1995-й был конвульсивным, очень чувственным и страшным для меня годом. 7 июля Наталья Медведева ушла и вернулась 11 июля утром за паспортом, пьяная с утра. А может, и не очень пьяная, но гротескная, намеренно абсурдная, крикливая, клоунская, чтоб легче было? Мы расстались: с вещами, на выход – я настоял. Разрыв, даже с чудовищем, всегда как репетиция смерти. Потому что всё, что у тебя собрано: коллекция объятий, вечеров, ночей, случаев, молчания – всё это подвергается опасности вдруг. Всё это безжалостно убивается, по улыбкам ходят ногами, и часть жизни отмирает. И ты остаёшься с меньшим количеством жизни.

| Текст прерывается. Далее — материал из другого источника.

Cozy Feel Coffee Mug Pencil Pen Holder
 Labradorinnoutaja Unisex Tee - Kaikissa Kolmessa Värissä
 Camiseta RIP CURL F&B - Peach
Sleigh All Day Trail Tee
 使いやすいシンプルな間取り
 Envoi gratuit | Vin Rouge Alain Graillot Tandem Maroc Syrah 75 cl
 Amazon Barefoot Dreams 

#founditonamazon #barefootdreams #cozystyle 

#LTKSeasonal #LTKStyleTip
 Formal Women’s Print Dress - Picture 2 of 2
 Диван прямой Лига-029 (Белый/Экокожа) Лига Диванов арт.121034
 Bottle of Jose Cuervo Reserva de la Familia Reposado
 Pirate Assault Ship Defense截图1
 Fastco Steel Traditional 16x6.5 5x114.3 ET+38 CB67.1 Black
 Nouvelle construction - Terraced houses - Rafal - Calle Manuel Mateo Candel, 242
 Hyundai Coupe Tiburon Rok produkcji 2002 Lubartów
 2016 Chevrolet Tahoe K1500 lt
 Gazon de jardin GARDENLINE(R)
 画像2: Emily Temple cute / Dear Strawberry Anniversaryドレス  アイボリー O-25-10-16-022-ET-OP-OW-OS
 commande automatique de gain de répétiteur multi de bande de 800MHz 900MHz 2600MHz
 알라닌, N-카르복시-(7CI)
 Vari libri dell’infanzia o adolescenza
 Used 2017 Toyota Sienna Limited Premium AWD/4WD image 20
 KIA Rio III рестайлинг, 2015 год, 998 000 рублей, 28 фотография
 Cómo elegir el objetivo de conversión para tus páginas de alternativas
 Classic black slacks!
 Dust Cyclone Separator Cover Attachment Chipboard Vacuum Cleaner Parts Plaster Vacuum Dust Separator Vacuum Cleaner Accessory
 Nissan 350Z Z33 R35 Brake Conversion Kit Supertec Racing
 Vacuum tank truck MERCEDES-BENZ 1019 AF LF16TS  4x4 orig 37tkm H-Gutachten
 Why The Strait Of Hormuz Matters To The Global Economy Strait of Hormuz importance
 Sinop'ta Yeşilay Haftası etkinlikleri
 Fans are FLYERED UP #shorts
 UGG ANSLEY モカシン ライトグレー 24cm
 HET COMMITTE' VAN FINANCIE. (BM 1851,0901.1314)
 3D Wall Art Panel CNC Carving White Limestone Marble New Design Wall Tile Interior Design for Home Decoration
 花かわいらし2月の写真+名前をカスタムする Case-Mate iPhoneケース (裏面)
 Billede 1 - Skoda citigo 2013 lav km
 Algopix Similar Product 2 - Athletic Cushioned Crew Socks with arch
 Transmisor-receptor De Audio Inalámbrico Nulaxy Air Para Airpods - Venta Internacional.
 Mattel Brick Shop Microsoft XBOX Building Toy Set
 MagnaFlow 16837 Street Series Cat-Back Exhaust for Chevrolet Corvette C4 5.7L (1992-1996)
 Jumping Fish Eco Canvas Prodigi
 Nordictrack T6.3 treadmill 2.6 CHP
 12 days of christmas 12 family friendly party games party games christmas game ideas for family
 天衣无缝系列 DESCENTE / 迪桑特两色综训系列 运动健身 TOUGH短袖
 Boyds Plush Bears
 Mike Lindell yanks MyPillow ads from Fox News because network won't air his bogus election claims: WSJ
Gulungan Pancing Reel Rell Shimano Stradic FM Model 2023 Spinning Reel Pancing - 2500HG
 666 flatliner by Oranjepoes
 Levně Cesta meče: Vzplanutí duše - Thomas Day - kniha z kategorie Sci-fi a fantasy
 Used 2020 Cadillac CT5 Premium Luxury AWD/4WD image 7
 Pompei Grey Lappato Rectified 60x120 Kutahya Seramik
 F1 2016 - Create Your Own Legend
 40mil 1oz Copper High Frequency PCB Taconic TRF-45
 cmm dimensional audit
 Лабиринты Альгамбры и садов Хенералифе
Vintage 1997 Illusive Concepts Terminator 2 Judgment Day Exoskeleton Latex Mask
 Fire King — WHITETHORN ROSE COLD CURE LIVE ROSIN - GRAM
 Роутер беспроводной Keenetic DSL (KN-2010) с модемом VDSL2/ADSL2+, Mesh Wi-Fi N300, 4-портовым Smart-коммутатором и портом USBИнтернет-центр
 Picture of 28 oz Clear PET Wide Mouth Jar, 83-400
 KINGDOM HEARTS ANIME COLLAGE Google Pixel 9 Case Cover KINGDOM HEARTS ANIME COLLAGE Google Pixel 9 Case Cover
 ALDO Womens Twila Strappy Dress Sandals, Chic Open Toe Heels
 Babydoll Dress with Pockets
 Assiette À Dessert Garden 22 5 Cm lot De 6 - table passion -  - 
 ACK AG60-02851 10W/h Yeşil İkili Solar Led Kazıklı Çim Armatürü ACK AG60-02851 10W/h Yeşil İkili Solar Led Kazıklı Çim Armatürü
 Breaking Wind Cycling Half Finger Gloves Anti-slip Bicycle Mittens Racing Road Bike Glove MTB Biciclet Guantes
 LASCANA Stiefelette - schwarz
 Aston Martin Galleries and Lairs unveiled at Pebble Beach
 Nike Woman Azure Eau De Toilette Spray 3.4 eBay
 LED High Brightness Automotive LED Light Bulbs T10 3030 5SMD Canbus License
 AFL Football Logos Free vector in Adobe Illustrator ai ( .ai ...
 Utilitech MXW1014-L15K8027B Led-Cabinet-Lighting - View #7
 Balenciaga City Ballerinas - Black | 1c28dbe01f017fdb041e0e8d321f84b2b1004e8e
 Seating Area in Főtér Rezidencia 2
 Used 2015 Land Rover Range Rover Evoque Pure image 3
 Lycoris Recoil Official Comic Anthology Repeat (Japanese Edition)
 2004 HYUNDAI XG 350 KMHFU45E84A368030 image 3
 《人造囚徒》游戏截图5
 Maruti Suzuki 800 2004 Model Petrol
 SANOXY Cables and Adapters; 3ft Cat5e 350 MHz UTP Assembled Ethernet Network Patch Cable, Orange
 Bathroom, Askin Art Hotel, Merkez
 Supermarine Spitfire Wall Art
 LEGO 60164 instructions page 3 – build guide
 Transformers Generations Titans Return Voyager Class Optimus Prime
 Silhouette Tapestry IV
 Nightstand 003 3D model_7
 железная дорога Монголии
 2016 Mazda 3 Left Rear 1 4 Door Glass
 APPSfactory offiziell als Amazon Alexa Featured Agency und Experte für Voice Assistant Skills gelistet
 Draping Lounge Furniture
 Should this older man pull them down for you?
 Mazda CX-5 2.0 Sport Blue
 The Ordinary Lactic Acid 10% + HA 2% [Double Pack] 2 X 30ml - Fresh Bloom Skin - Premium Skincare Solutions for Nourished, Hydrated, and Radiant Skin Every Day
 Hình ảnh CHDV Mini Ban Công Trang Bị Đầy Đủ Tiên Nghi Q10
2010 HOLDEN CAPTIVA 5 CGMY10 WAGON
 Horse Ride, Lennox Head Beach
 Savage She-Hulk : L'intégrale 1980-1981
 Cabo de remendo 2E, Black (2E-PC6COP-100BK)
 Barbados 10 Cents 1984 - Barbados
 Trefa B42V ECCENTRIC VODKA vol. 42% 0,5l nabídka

Именно в это липкое и поганое лето я познакомился с Курёхиным. Я на него не покушаюсь, есть множество людей, объявивших его своей собственностью и ревниво отгоняющих от него чужих. Недавно мой бывший товарищ Дугин в припадке собственничества заявил в Интернете, что он – нет, никогда не отдавал и не думал отдавать Курёхину партийный билет Национал-большевистской партии за номером 418. Саша, Вы суетны, как блоха; что нужды – отдал, не отдал… Когда он пришёл к нам, ему оставалось жить меньше года, он чувствовал страх смерти. Потому и пришёл: инстинкт – он не знал, где болит, что болит, может, ещё и не болело, но нужно было обрести, как пчеле в улей влететь, эти тысячи тёплых дружелюбных тел. Если улей не нужен Вам, Саша, Вы взбесившаяся особь – или ещё незрелы, – то, перевалив за сорок лет, большой художник хочет Родину, или Бога, или Дьявола, или Нацию. Потому что хочет принадлежать к миру как можно более долговременных категорий, а у индивидуального тела срок годности максимум 80 лет. Я понимаю, Саша, Вам хочется приватизировать то, что называется сейчас Сергеем Курёхиным, отнести его приход к нам на счет Ваших личных чар. Наверняка вначале так и было, Вы отличный сказочник: зная, что Вы мне пели, представляю, что Вы пели ему. Однако никакой отдельно взятый смертный индивидуум, даже такой ценный товарищ, как Вы, Сергею не был нужен, не Вас он искал! Он искал Нацию, и мы, НБП, были увидены им, как самое честное подразделение нации. Ваши чары послужили приманкой? Частично, он мне говорил, когда мы познакомились, что услышал о нас via Германия, там от людей, мнение которых он ценил высоко. А тут ещё Вы ему напели. Как напели мне.